Return, without anything added, the lines from the one containing "Grohe Essentials towel" through the end of the entries below, exactly as written.

Segment Start: Data extract

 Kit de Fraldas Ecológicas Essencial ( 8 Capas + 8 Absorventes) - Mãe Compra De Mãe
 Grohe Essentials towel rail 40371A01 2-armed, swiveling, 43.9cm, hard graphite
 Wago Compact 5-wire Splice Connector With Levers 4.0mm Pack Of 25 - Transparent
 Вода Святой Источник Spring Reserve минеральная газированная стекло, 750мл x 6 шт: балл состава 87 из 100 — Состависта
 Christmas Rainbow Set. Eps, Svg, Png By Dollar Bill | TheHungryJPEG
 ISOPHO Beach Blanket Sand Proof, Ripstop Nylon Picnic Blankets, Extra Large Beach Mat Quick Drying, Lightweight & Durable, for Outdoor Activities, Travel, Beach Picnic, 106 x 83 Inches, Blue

Segment End: Data extract

*Solved problem*:
 Grohe Essentials towel rail 40371A01 2-armed, swiveling, 43.9cm, hard graphite
 Wago Compact 5-wire Splice Connector With Levers 4.0mm Pack Of 25 - Transparent
 Вода Святой Источник Spring Reserve минеральная газированная стекло, 750мл x 6 шт: балл состава 87 из 100 — Состависта
 Christmas Rainbow Set. Eps, Svg, Png By Dollar Bill | TheHungryJPEG
 ISOPHO Beach Blanket Sand Proof, Ripstop Nylon Picnic Blankets, Extra Large Beach Mat Quick Drying, Lightweight & Durable, for Outdoor Activities, Travel, Beach Picnic, 106 x 83 Inches, Blue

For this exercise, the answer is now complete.